=== What to produce ===
Please transcribe the data that follows without the pictures, keeping every word the same.

=== Given data ===
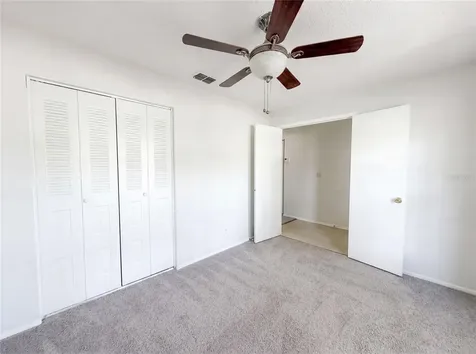 5720 Kneeland Lane Tampa FL 33625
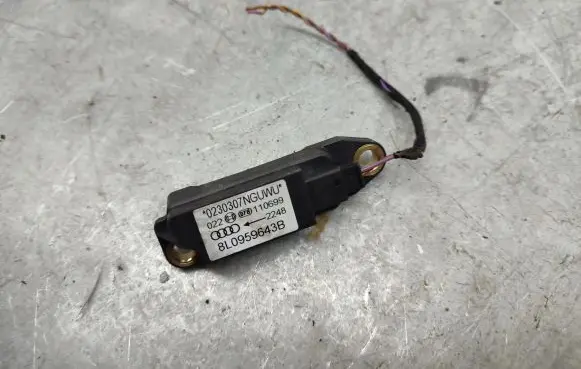 Audi A3 S3 8L Airbag deployment crash/impact sensor 8L0959643B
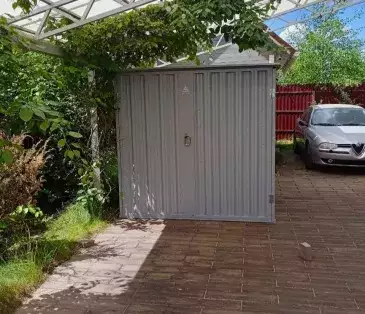 Гараж для квадроцикла в светло-сером цвете в дер. Голиково, г.о. Клин, МО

=== Output of the exercise ===
 5720 Kneeland Lane Tampa FL 33625
 Audi A3 S3 8L Airbag deployment crash/impact sensor 8L0959643B
 Гараж для квадроцикла в светло-сером цвете в дер. Голиково, г.о. Клин, МО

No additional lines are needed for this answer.